Michael Bennet's Lobbying Reform Proposals Would Spoil Some Careers

Michael Bennet's Lobbying Reform Proposals Would Spoil Some Careers

The lobbying reforms proposed by freshman Sen. Michael Bennet on Wednesday would end up crushing many a Capitol Hill career path.

As part of a package that includes filibuster reform, a freeze on salaries and earmark transparency, the Colorado Democrat is seeking a lifetime ban on members of Congress becoming lobbyists and a six-year ban on former staffers lobbying their old bosses or staff colleagues.

A lifetime lobbyist ban will surely disappoint some of Bennet's retiring Senate colleagues. Sen. Byron Dorgan (D-N.D.) all but asked K Street firms to make offers when he announced his retirement in January, and Sen. Evan Bayh (D-Ind.) refused to rule out a K Street gig when he made his announcement in February.

Retired senators are already prohibited from lobbying their colleagues for two years, and retired House members have to "cool off" for one year. Staffers are also required to wait a year before bugging their former peers on behalf of their new clients.

The existing restrictions are pretty significant, since headhunters for K Street firms say former staffers and members have a limited "half life" before their knowledge and contacts become less useful. But plenty of ex-congressmen, such as former Senate Majority Leader Tom Daschle, find them easy to ignore. Bennet's reforms would put a stop to that, too: He'd create stricter rules and penalties for lobbyists who don't register.

Bennet would also prevent lobbyists from returning to the Hill for six years. It's a typical phenomenon that gets less attention than staffers "cashing out" to become lobbyists. For instance, as HuffPost reported in December, 16 of the 86 current staffers on the House Financial Service Committee worked as registered lobbyists sometime in the previous decade.

Ivan Adler is a principal for the McCormick Group who helps lobbying firms hire Hill talent. He said Bennet's ideas threatened the constitutional right to petition the government.

"There's this thing called the First Amendment. We can tell it's important in the list of amendments because it's the first one... Eliminating the right to represent people to talk to their representatives is a very dangerous thing," he said. And he pointed out that Bennet has not had anything to say about campaign fundraising. "I think it's very interesting that members of Congress continue to bash lobbyists on both sides of the aisle yet take their money."

Conspicuously absent from Benning's proposals: public financing for campaigns.
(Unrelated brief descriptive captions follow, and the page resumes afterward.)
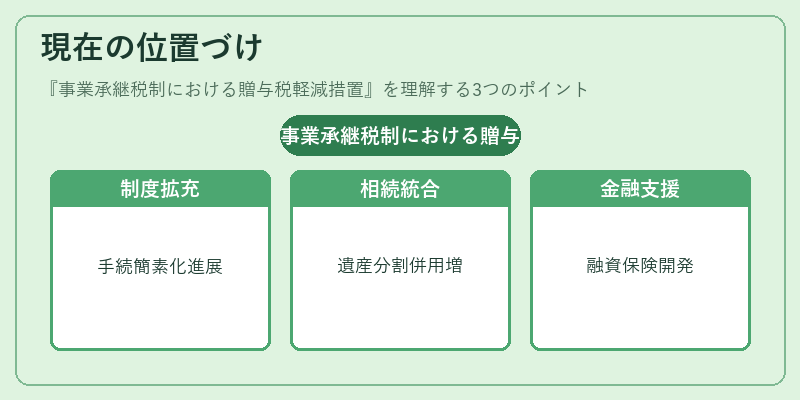 現在の位置づけ(事業承継税制における贈与税軽減措置)の図解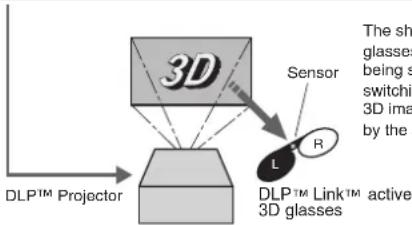 3D Sensor L R The sh glasses being s switching 3D ima by the s DLP™ Link™ active 3D glasses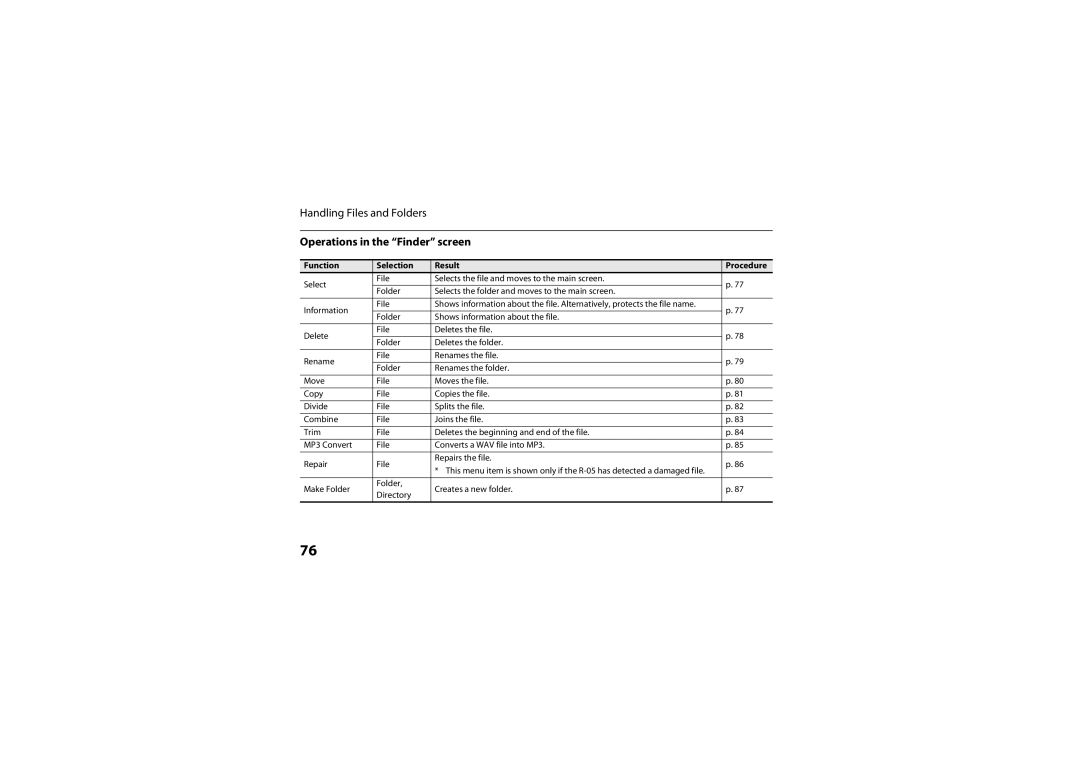 Roland R-05 warranty Operations in the Finder screen, Function Selection Result Procedure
His Democratic primary opponent, Andrew Romanoff, pointed out that Bennet has taken $1 million from political action committees in his first term as a senator.
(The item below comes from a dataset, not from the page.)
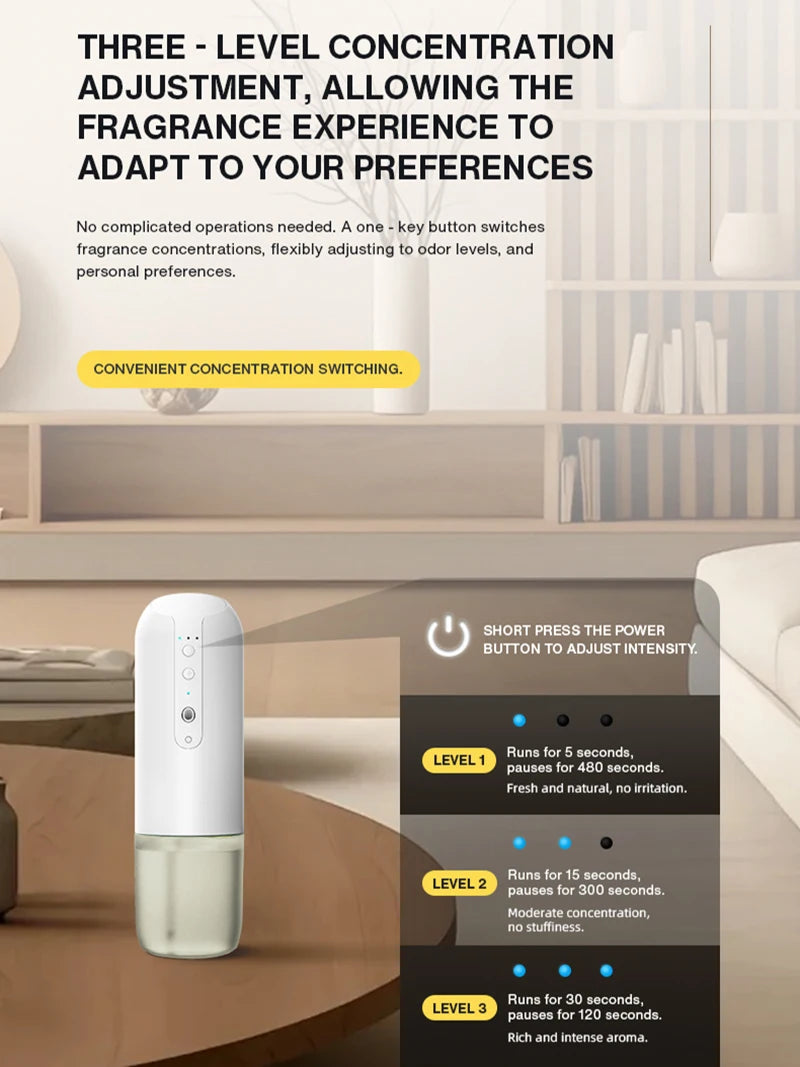 NAMSTE Wall Plug Aroma Diffuser Smart Bluetooth Control Fragrance Diffuser for Home Smell Air Freshener Automatic Spray Diffuser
"This is why getting big money out of politics did not make it to his list of needed reforms," a Romanoff spokesman told the Denver Post.
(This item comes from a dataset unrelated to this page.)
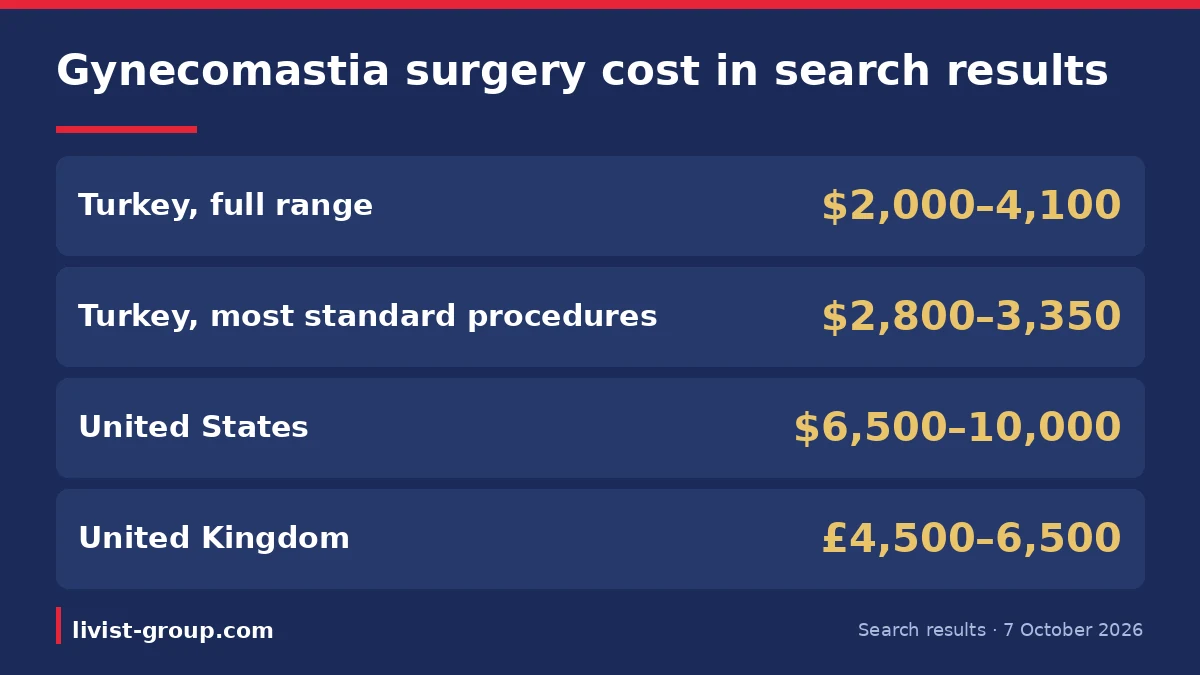 Gynecomastia surgery cost in search results: Turkey's full and typical range against the United States and United Kingdo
Though he said in his statement that he would support the Democrats' forthcoming response to the Citizens United decision, Bennet has not signaled support for the Fair Elections Now Act, which would provide public financing for campaigns.

"We'd encourage him to add Fair Elections to his list of proposals," wrote David Donnelly of the Public Campaign Action Fund in an email to HuffPost. "You can't fix Washington without addressing fundraising."

Bennet's proposals wouldn't be so bad for everybody on K Street. A lobbyist who used to work on the Hill told HuffPost that Bennet's revolving doorstop, so long as it doesn't apply retroactively, would be pretty great for his business. "No competitors going forward!"